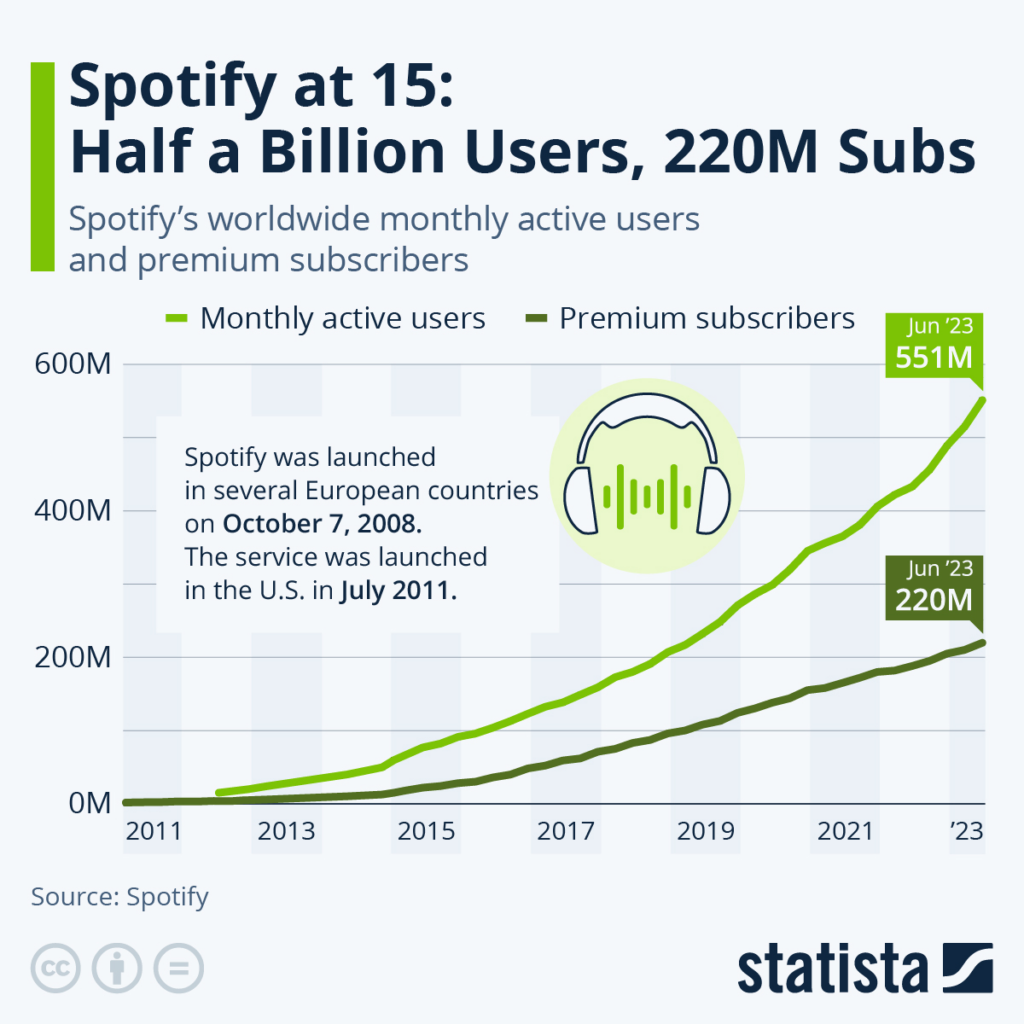 Spotify'ın aylık aktif kullanıcı sayısı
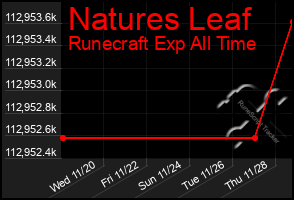 Total Graph of Natures Leaf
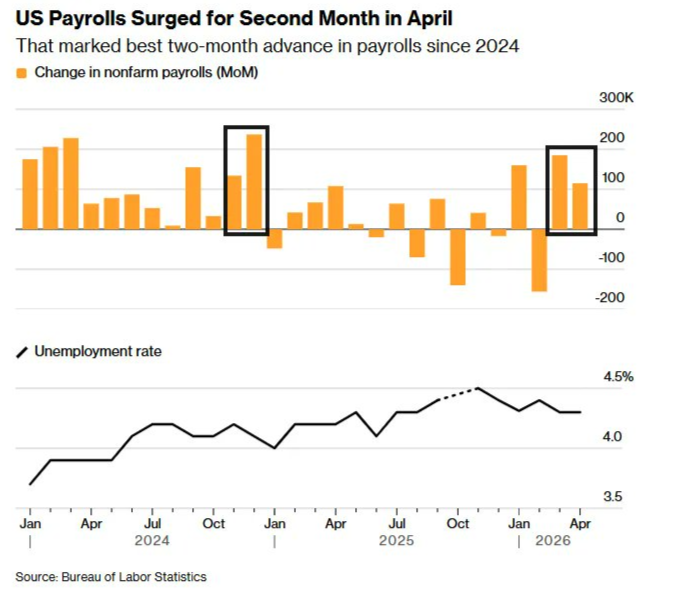 image21 2nd month of NFP gains.png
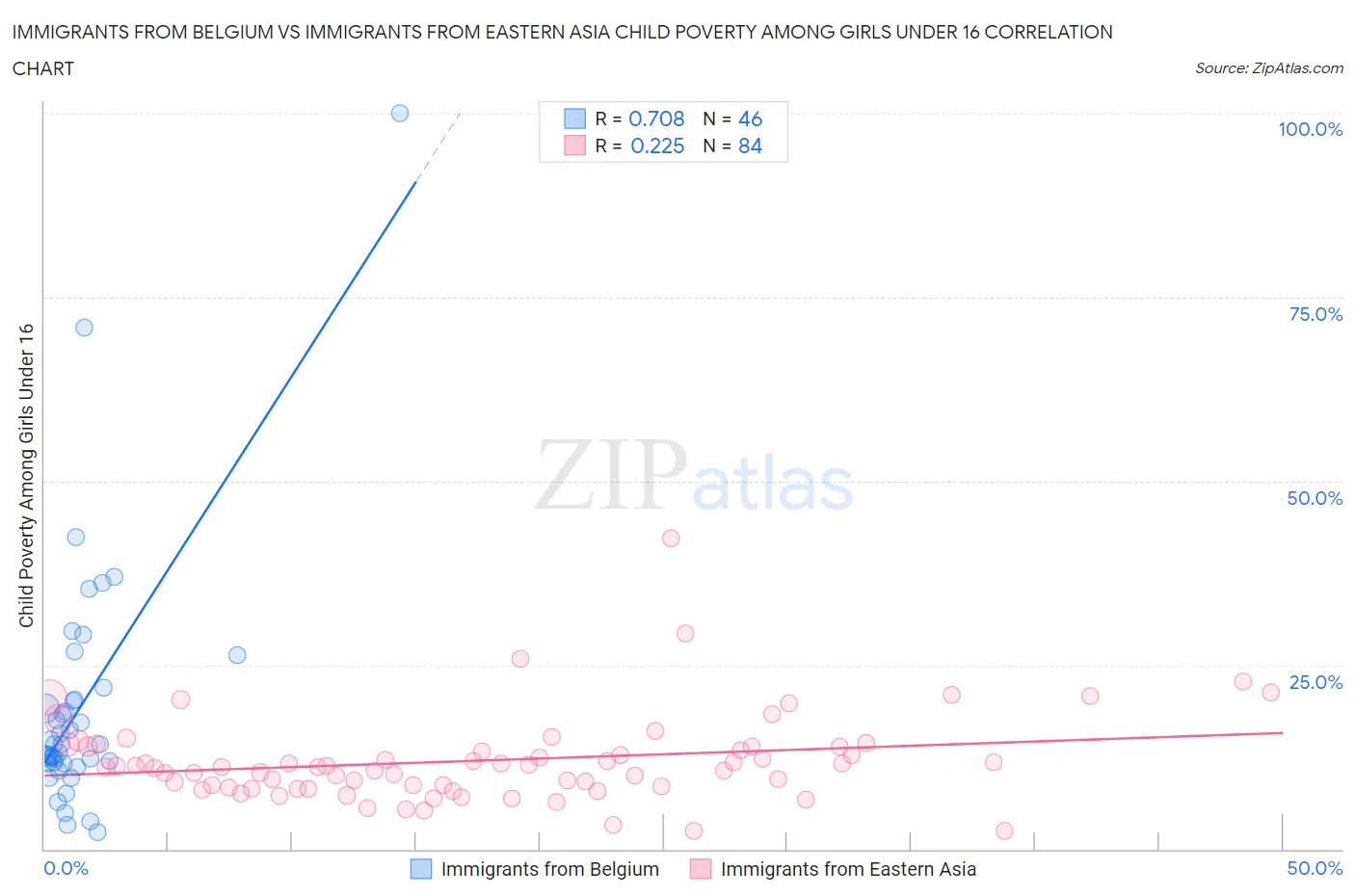 Immigrants from Belgium vs Immigrants from Eastern Asia Child Poverty Among Girls Under 16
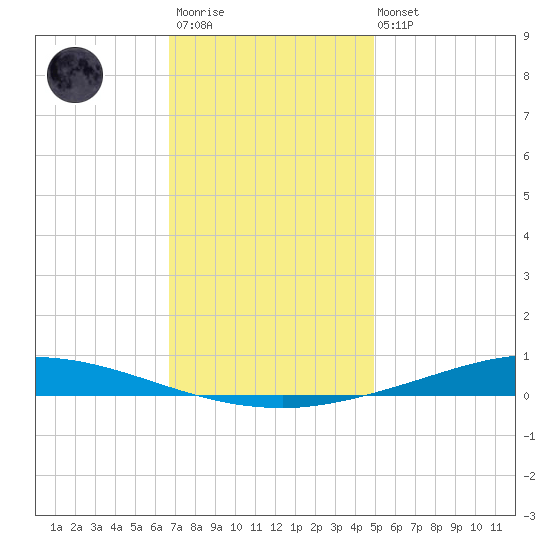 Nix Point tide chart for Friday, December 23, 2022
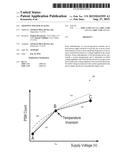 ADAPTIVE VOLTAGE SCALING diagram and image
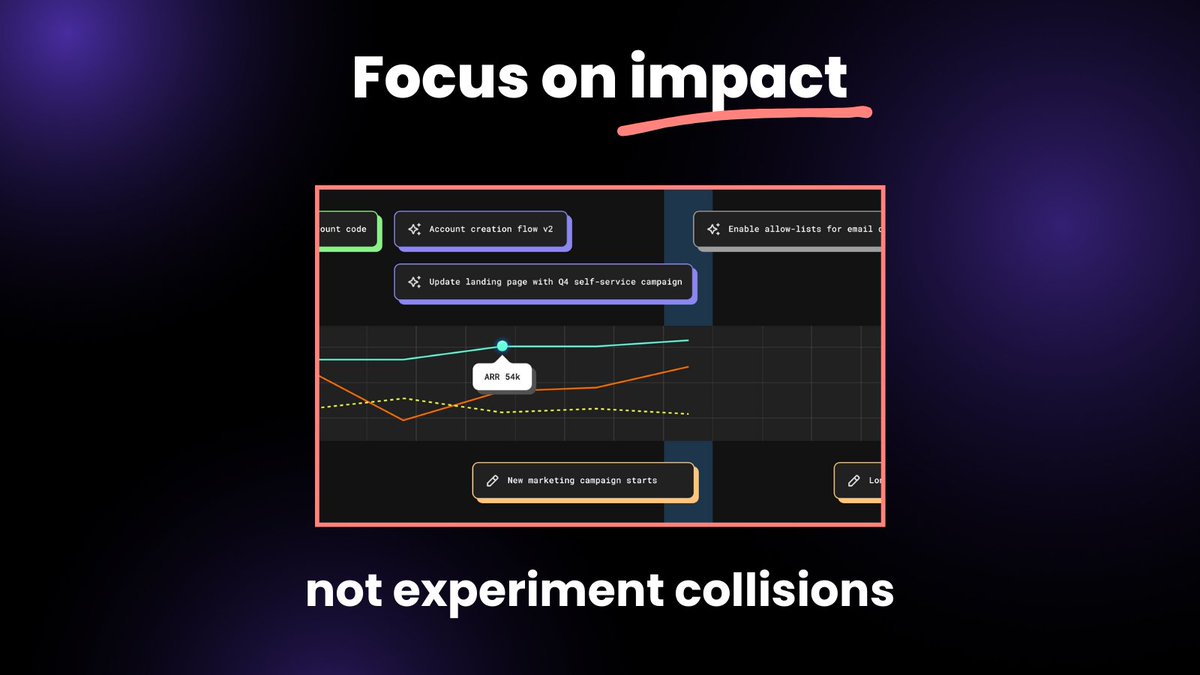 Don’t lose sleep over scheduling and experiment power.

-------------------------

Reproduce verbatim every line starting at the line that holds "Immigrants from Belgium" and ending with the final line of the data; omit the pictures.

→ ANSWER FOR THIS EXERCISE:
 Immigrants from Belgium vs Immigrants from Eastern Asia Child Poverty Among Girls Under 16
 Nix Point tide chart for Friday, December 23, 2022
 ADAPTIVE VOLTAGE SCALING diagram and image
 Don’t lose sleep over scheduling and experiment power.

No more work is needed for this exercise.